Earlier today, on October 24, the bitcoin price dipped below $5,800 for the first time since October 19, due to the market’s decline in support for the upcoming Bitcoin Gold hard fork.
Meanwhile, the price of Ether, the native cryptocurrency of Ethereum, has recovered beyond the $300 mark, as previously suggested by CCN.com. WIth optimism surrounding the recent Byzantium hard fork and the Enterprise Ethereum Alliance (EEA), Ether has sustained its upward trend in the short-term.
“In the mid-term, the success of the Byzantium hard fork and rapid adoption of the Ethereum network will allow Ether to rebound and recover in value.”

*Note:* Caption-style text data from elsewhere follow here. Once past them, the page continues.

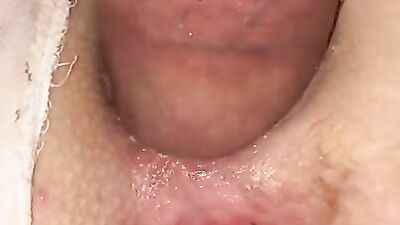 Big tits Daddy's girl anally fucked with two cocks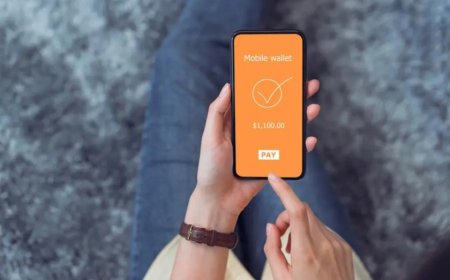 Mobile wallet transactions in Egypt surge 72% in Q2 2025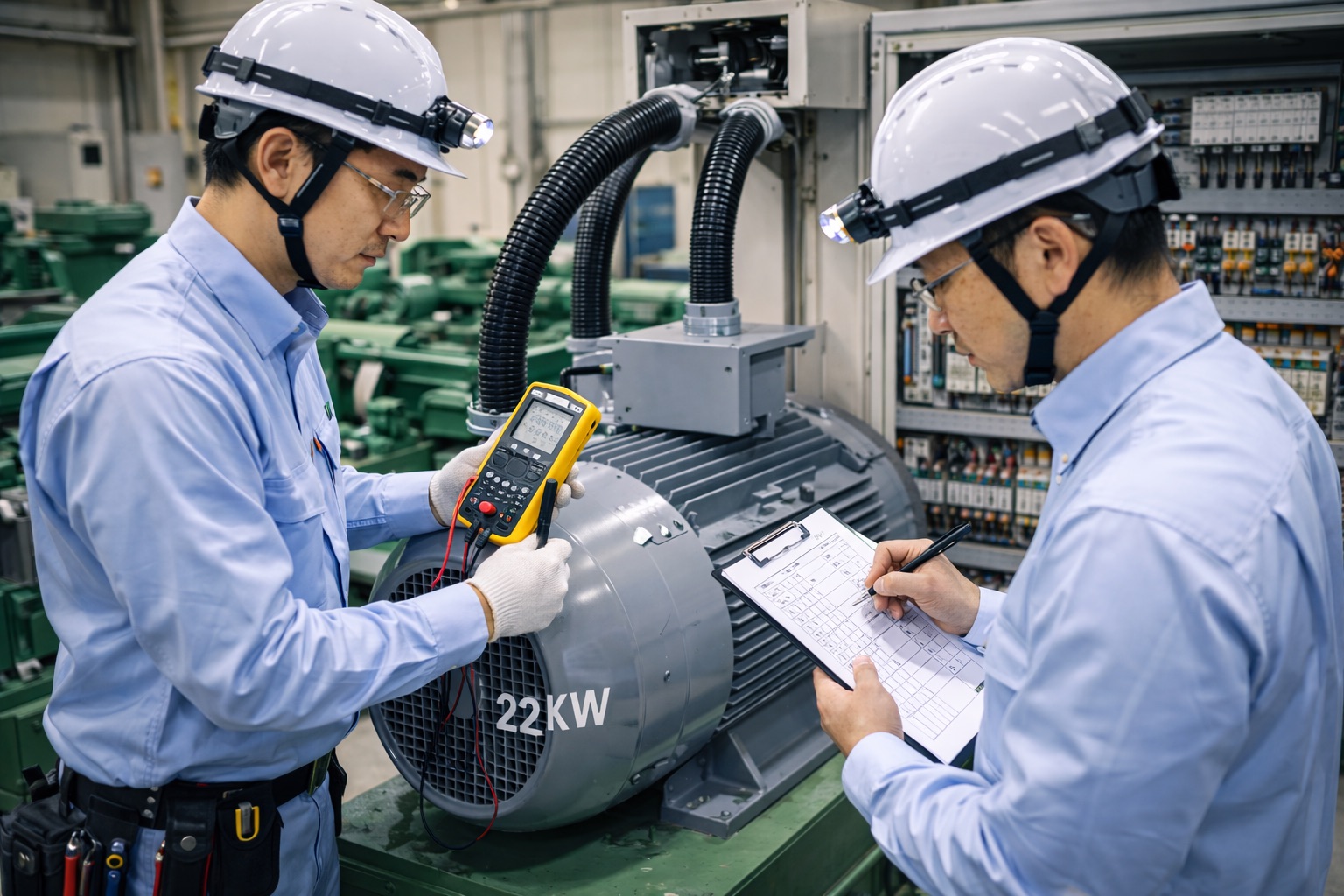 電気工事業の魅力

Prominent and highly regarded bitcoin analysts and investors including Tuur Demeester and Spencer Bogart have emphasized that the upcoming Bitcoin Gold hard fork has caused the price of bitcoin to remain below the $6,000 mark, as traders move their funds from other alternative cryptocurrencies (altcoins) and digital assets.
Bogart, the head of research at Blockchain Capital, stated:
Bitcoin holders prior to the Bitcoin Gold hard fork that is expected to occur in late November will be credited with BCG in 1:1 ratio by most exchanges and wallets such as Trezor and Bittrex. But, the Bitcoin Gold has to implement strong replay protection to ensure bitcoin holders can receive Bitcoin Gold safely. Without replay protection, as the Trezor development team noted, the process of retrieving Bitcoin Gold could endanger existing bitcoins
“Bitcoin Gold’s codebase is, at the moment of the writing, incomplete. Most importantly, it lacks replay protection. For this reason, TREZOR Wallet will not support Bitcoin Gold yet, as it would endanger your bitcoins. Replay protection prevents a transaction on the Bitcoin Gold chain from being re-transmitted on the Bitcoin chain and vice versa,” explained the Trezor development team.
Consequently, many users, traders, and investors opted to distribute their funds across many altcoins and digital assets, to prevent being affected by the Bitcoin Gold hard fork.
Demeester also stated that traders should expect a similar trend in mid-November, when the SegWit2x hard fork is expected to occur. He explained, “I expect a similar effect post the B2X fork November 16: ‘pent up bitcoins’ being redistributed into alts (e.g. LTC).”
Ethereum has struggled to rebound in the past week, and has always dipped below the $290 mark. Today, the price of Ether soared to $311, demonstrating upward momentum for the first time since late September.
Prior to the imposition of a nationwide ban on cryptocurrency trading and initial coin offerings (ICOs) by the Chinese government, the price of Ether neared the $400 region. Recently, the market has gained confidence over the mid-term growth of Ether, given that Ethereum has executed its Byzantium hard fork, second-layer solutions like Plasma are expected to be integrated, and decentralized applications are seeing commercial success.
In the upcoming weeks, it is likely that the Ether price could eye $350 as short-term target, as analysts suggest. Apart from ICOs, which have not seem much progress over the past few months, innovative decentralized applications such as EtherDelta have started to account for a large portion of Ethereum’s transactions, which can be considered as a positive indicator for Ethereum’s mid-term future.